Re: [Gluster-users] Self-healing not healing 27k files on GlusterFS 4.1.5 3 nodes replica

mabi Tue, 06 Nov 2018 23:52:52 -0800

To my eyes this specific case looks like a split-brain scenario but the output 
of "volume info split-brain" does not show any files. Should I still use the 
process for split-brain files as documented in the glusterfs documentation? or 
what do you recommend here?



‐‐‐‐‐‐‐ Original Message ‐‐‐‐‐‐‐
On Monday, November 5, 2018 4:36 PM, mabi <m...@protonmail.ch> wrote:

> Ravi, I did not yet modify the cluster.data-self-heal parameter to off 
> because in the mean time node2 of my cluster had a memory shortage (this node 
> has 32 GB of RAM) and as such I had to reboot it. After that reboot all locks 
> got released and there are no more files left to heal on that volume.
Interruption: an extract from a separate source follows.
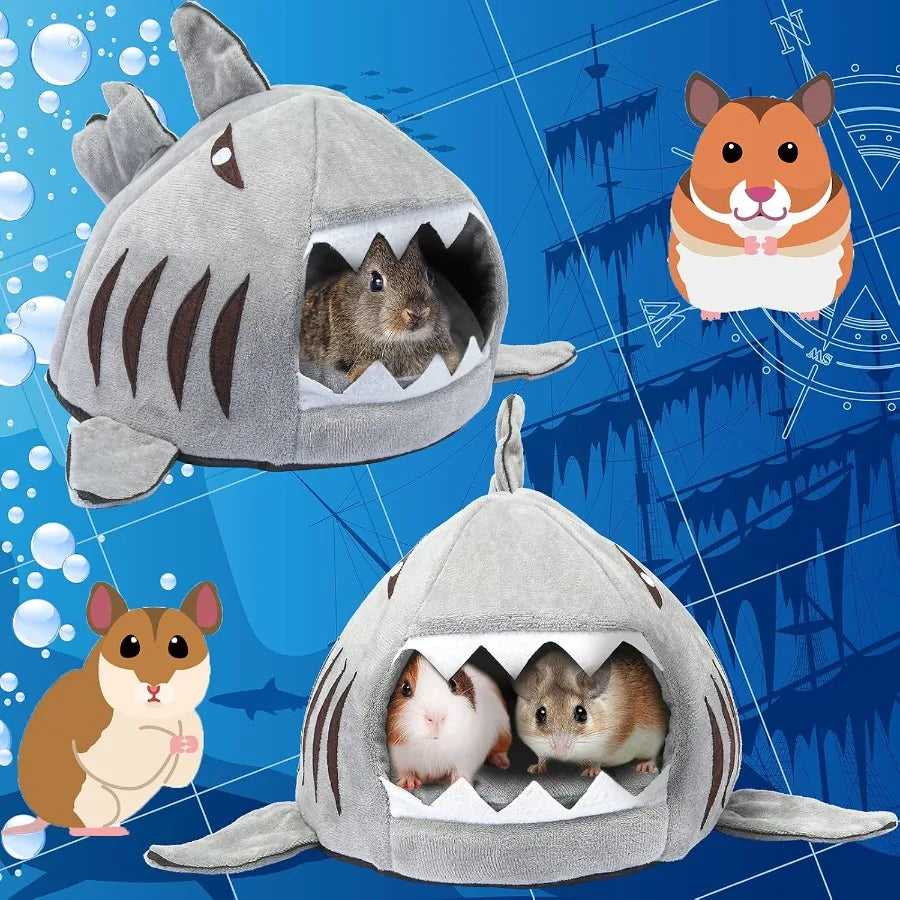 Shark Gea Pig Bed Hideout For Small Pets Hamsters Hedgehogs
So the 
> reboot of node2 did the trick (but this still seems to be a bug).
>
> Now on another volume of this same cluster I have a total of 8 files (4 of 
> them being directories) unsynced from node1 and node3 (arbiter) as you can 
> see below:
>
> Brick node1:/data/myvol-pro/brick
> /data/dir1/dir2/dir3/dir4/dir5/dir6/dir7/dir8/dir9/dir10/dir11/oc_dir
> gfid:3c92459b-8fa1-4669-9a3d-b38b8d41c360
> /data/dir1/dir2/dir3/dir4/dir5/dir6/dir7/dir8/dir9/dir10/le_dir
> gfid:aae4098a-1a71-4155-9cc9-e564b89957cf
> Status: Connected
> Number of entries: 4
>
> Brick node2:/data/myvol-pro/brick
> Status: Connected
> Number of entries: 0
>
> Brick node3:/srv/glusterfs/myvol-pro/brick
> /data/dir1/dir2/dir3/dir4/dir5/dir6/dir7/dir8/dir9/dir10/dir11/oc_dir
> /data/dir1/dir2/dir3/dir4/dir5/dir6/dir7/dir8/dir9/dir10/le_dir
> gfid:aae4098a-1a71-4155-9cc9-e564b89957cf
> gfid:3c92459b-8fa1-4669-9a3d-b38b8d41c360
> Status: Connected
> Number of entries: 4
>
> If I check the "/data/dir1/dir2/dir3/dir4/dir5/dir6/dir7/dir8/dir9/dir10/" 
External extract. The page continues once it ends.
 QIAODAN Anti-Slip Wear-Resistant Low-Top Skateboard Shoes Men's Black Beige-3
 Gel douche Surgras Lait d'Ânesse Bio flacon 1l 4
> with an "ls -l" directory on the client (gluster fuse mount) I get the 
> following garbage:
>
> drwxr-xr-x 4 www-data www-data 4096 Nov 5 14:19 .
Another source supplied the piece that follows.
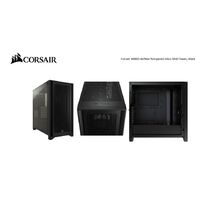Corsair Carbide Series 4000D Airflow ATX Tempered Glass Black, 2x 120mm Fans pre-installed. USB 3.0 and Type-C x 1, Audio I/O. Case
> drwxr-xr-x 31 www-data www-data 4096 Nov 5 14:23 ..
> d????????? ? ? ? ? ? le_dir
>
> I checked on the nodes and indeed node1 and node3 have the same directory 
> from the time 14:19 but node2 has a directory from the time 14:12.
>
> Again here the self-heal daemon doesn't seem to be doing anything... What do 
> you recommend me to do in order to heal these unsynced files?
>
> ‐‐‐‐‐‐‐ Original Message ‐‐‐‐‐‐‐
> On Monday, November 5, 2018 2:42 AM, Ravishankar N ravishan...@redhat.com 
> wrote:
>
> > On 11/03/2018 04:13 PM, mabi wrote:
> >
> > > Ravi (or anyone else who can help), I now have even more files which are 
> > > pending for healing.
> >
> > If the count is increasing, there is likely a network (disconnect)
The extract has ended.